Minneapolis has enacted a ban on drive-throughs. The local authority argued that getting rid of drive-throughs will result in safer roads for drivers and pedestrians and cleaner air, according to StreetsBlog. The blog cited research that shows drivers are distracted before they pull in to order food and again when they pull out after receiving their orders, putting pedestrians in danger.
Minneapolis has a city-wide goal of reducing greenhouse gas emissions by 80% by 2050. Banning drive-throughs should reduce vehicle idling, thereby improving air quality.

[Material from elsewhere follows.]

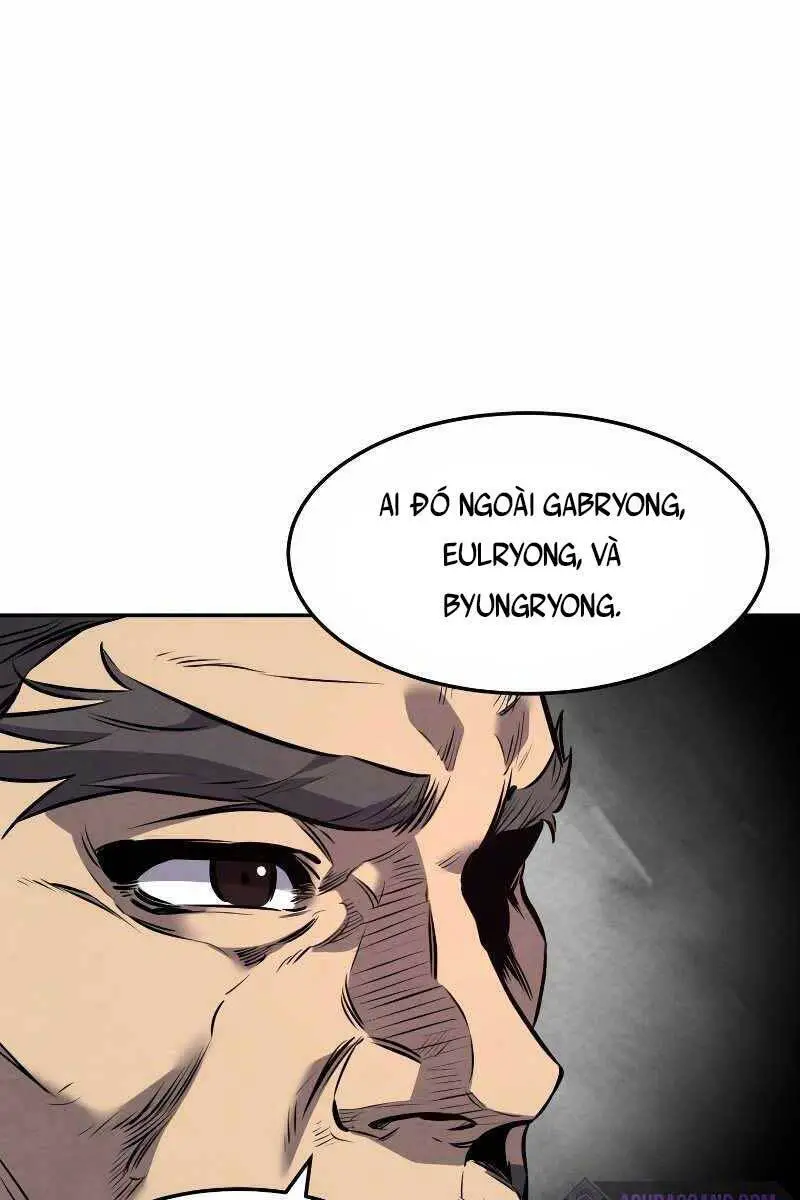 Chuyển Sinh Thành Tiêu Sư Nettruyen ZZZ Chương 16 Page 88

In order to reach the city’s goal, the Minneapolis 2040 plan includes several measures the city hope will help. Other steps in the 2040 plan include eliminating off-street-parking minimum times and limiting the construction of new surface parking lots. Also, Minneapolis wants to rezone neighborhoods to allow multifamily residences in all areas of the city and to impose strict parking restrictions near mass transit stations. Car repair businesses will also be prohibited close to Minneapolis Metro stations. Another step yet to be enacted is a ban on new gas stations throughout the city.

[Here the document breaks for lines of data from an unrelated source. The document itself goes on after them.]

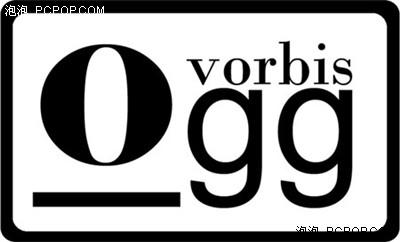 ƷOgg̨C133+Ƶ±׼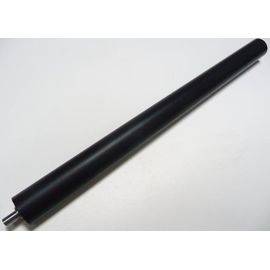 Купить Вал резиновый Foshan-YAT-SING Konica Minolta Di152/183/1611/1811/2011/7115/7118/7216/7218/7220/Bizhub 180/210/27AE53030/4034-5702-01/4021-5702-01 по лучшей цене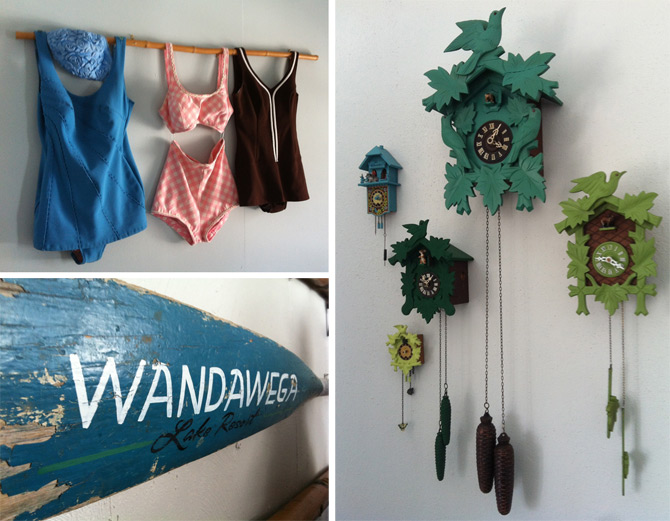 Wandawega_3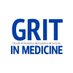 Mayo Clinic GRIT (@MayoGRIT) Twitter profile photo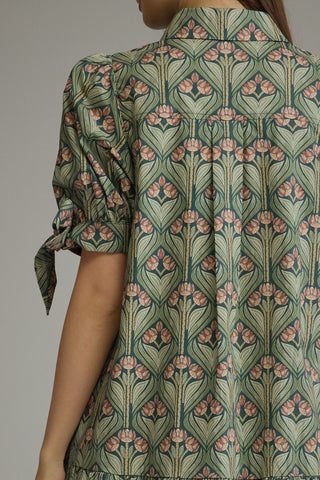 Lead With Confidence Dress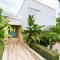 Goudi Residence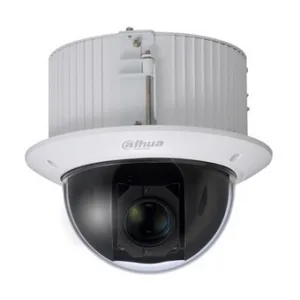 IP-камера DAHUA DH-SD52C230T-HN IP-камера DAHUA DH-SD52C230T-HN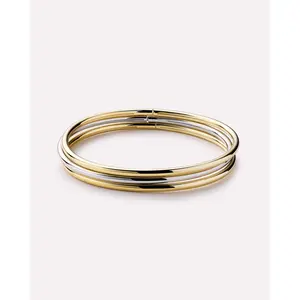Carter Two Tone Set - Carter Two Tone Triple Set (3mm)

The bans on drive-throughs and gas stations both apply to new structures only. Existing locations will be grandfathered in.
Drive-throughs aren’t limited to restaurants but also include liquor stores, cleaners, banking, grocery shopping, postal services, pharmacies, photo processing shops, ammo and bait, and much more. Starbucks has drive-through windows at 40% of its current coffee shops and plans to include drive-throughs in 60% of new locations. McDonald’s fast-food restaurants first offered combo meals to accommodate customers using drive-throughs. More recently, the chain began using artificial intelligence with drive-through menu boards to tempt customers to make extra purchases.
Six hundred miles south of Minneapolis via route 35, Sheldon “Red” Chaney created the first drive-through at Red’s Giant Hamburg restaurant in 1947 on U.S. Route 66 in Springfield, Missouri.